- [Supplied information]
=-=-=
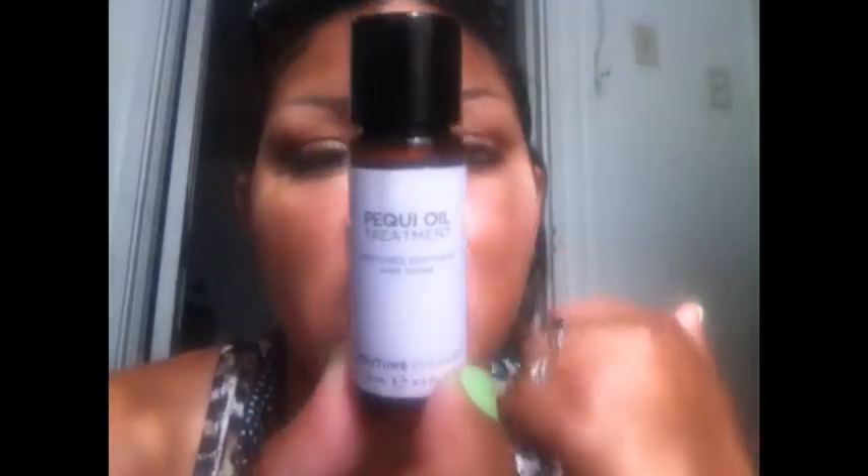The next one is by Couture Color and it is their Piqui Oil Treatment. It's really amazing — great ingredients, smells really good, makes my hair soft, moisturizes it, and gets rid of frizz. You can find this at Sephora. I got this as a sample through Ipsy. I'm not sure if it's pronounced 'piqui' or 'peekee,' but it's awesome — definitely try it out. Alright, that is all — see you guys later, bye!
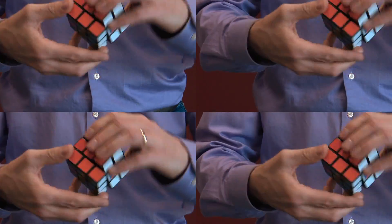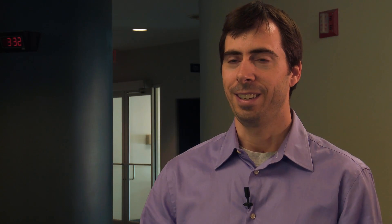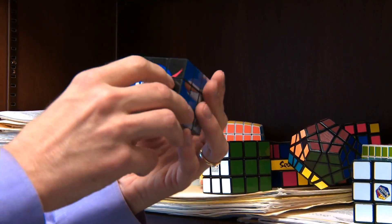What made this difficult was the sheer number of positions. There are 43 billion-billion positions to grapple with, so we broke it into about 2.2 billion so-called cosets, each containing almost 20 billion positions. Of the 2.2 billion cosets, we were able to further reduce that through mathematical tricks down to just 56 million cosets that we had to run individually.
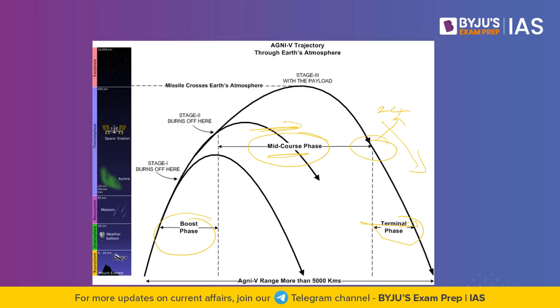Agni 5 happens to be road mobile and can be transported via a truck and launched via a canister as well.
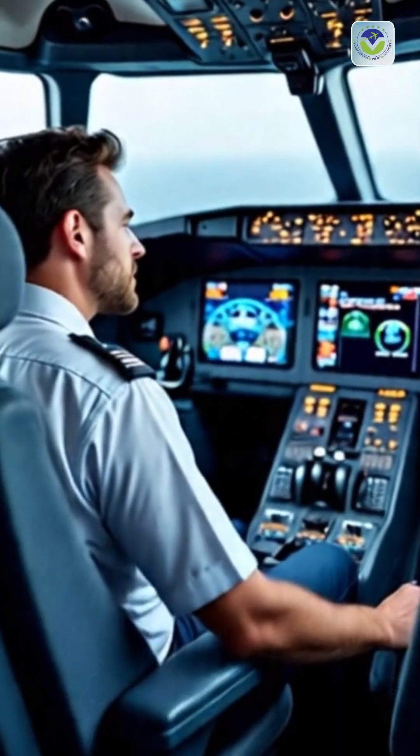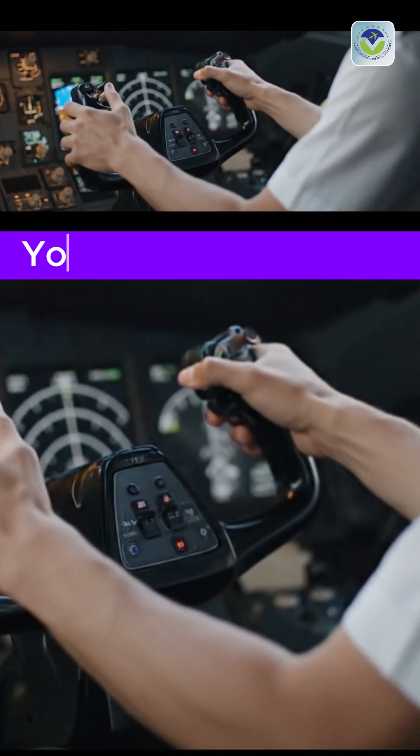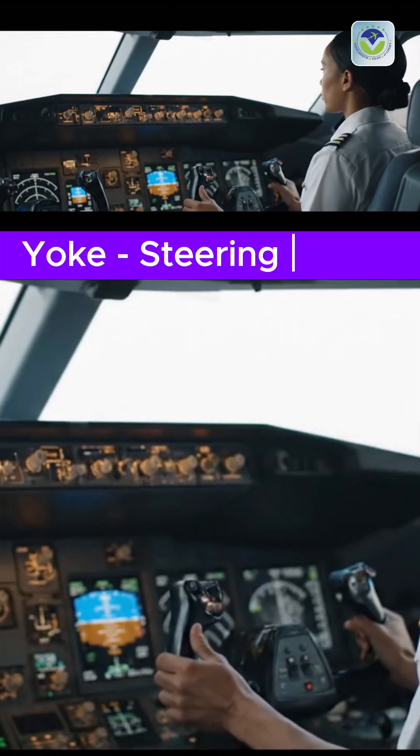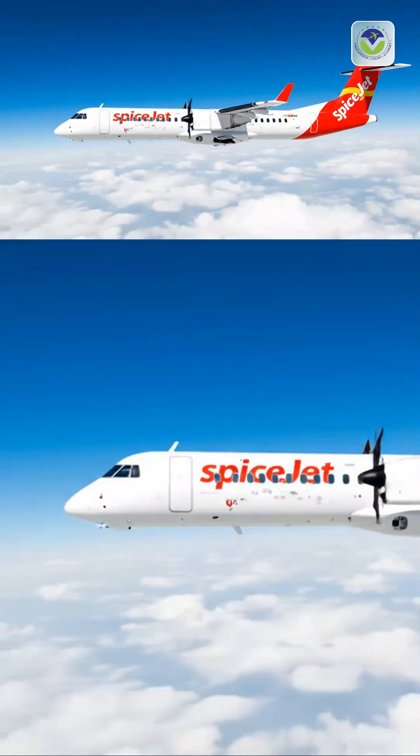Boeing, on the other hand, prefers the traditional yoke, found in aircraft like the 737 or 787. It offers a more tactile, mechanical feel, where pilots feel more physically connected to the airplane's movement.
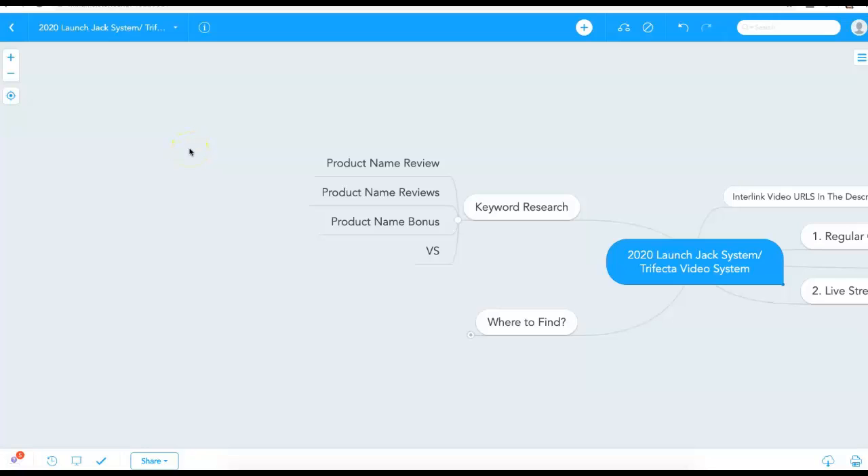Hey guys, Joshua Zamora here. Welcome to this training. Over the next few videos, I'm going to be walking you through a very simple but very powerful launch jacking system. I haven't really figured out whether to call it the 2020 launch jack system or the trifecta video system, because there are three key components once we get to video creation, optimization, and ranking.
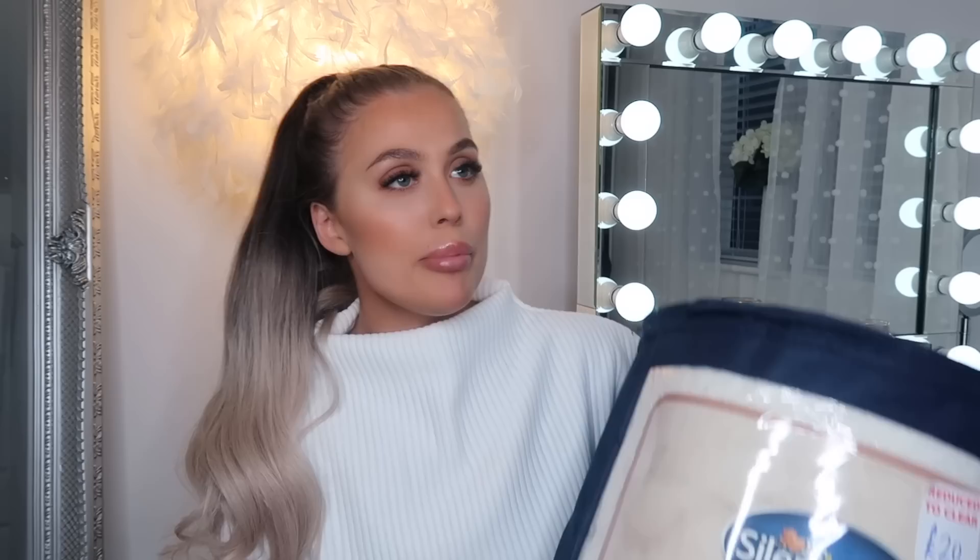Starting with B&M because it's just one of those shops that everyone loves. The first little piece of gold I found is this. If you're new to my channel, I am obsessed with teddy fleece duvets - until the summer when I'm going to low-key hate them. But once you've experienced a night's sleep in the cloud, you will never go back to normal bedding.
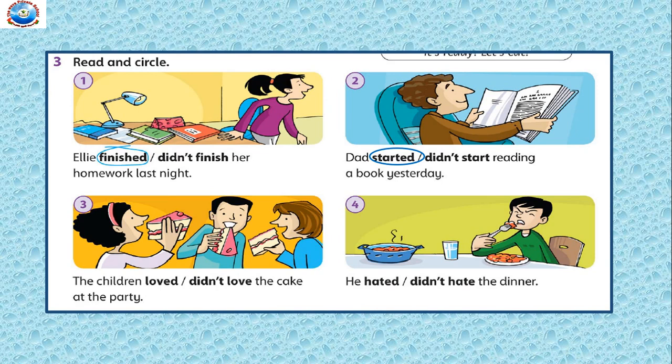Hope you are all doing it along with me. In the picture you can see the children like the cake — they are eating it. So: 'The children loved / didn't love the cake at the party.' The children loved the cake at the party. Very good. Number 4: here you can see the boy is not enjoying his dinner. So: 'He hated / didn't hate the dinner.' He hated the dinner. Very good. Hope you all have done the exercise along with me.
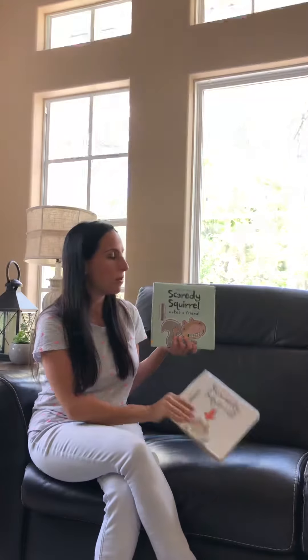Scaredy Squirrel doesn't have a friend. He'd rather be alone than risk encountering someone dangerous. A squirrel could get bitten. A few individuals Scaredy Squirrel is afraid to be bitten by: beavers, walruses, bunnies, piranhas, and Godzilla.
=-=-=
In the listing above, find the line holding "What made this" and the line holding "Boeing, on the". Reproduce those two lines and all between them exactly, leaving out pictures.

What made this difficult was the sheer number of positions. There are 43 billion-billion positions to grapple with, so we broke it into about 2.2 billion so-called cosets, each containing almost 20 billion positions. Of the 2.2 billion cosets, we were able to further reduce that through mathematical tricks down to just 56 million cosets that we had to run individually.
Agni 5 happens to be road mobile and can be transported via a truck and launched via a canister as well.
Boeing, on the other hand, prefers the traditional yoke, found in aircraft like the 737 or 787. It offers a more tactile, mechanical feel, where pilots feel more physically connected to the airplane's movement.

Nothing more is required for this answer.